— What is needed —
Could the lines from the one containing "Phospho-LRP6-S1490 Rabbit Polyclonal" through the end of the material below be returned exactly, with nothing else?

— The data —
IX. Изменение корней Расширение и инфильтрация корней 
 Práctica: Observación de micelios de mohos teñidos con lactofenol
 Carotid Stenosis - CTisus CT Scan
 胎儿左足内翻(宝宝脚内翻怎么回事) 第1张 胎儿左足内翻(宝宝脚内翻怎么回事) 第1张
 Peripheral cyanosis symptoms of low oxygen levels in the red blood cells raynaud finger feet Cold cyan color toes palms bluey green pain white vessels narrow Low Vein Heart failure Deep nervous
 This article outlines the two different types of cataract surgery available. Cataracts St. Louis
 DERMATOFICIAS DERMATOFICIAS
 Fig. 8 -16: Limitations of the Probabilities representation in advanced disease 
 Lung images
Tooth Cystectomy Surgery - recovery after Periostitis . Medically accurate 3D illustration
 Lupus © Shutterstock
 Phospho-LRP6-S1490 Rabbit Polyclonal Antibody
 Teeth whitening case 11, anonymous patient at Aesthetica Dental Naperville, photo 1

— Response below —
 Phospho-LRP6-S1490 Rabbit Polyclonal Antibody
 Teeth whitening case 11, anonymous patient at Aesthetica Dental Naperville, photo 1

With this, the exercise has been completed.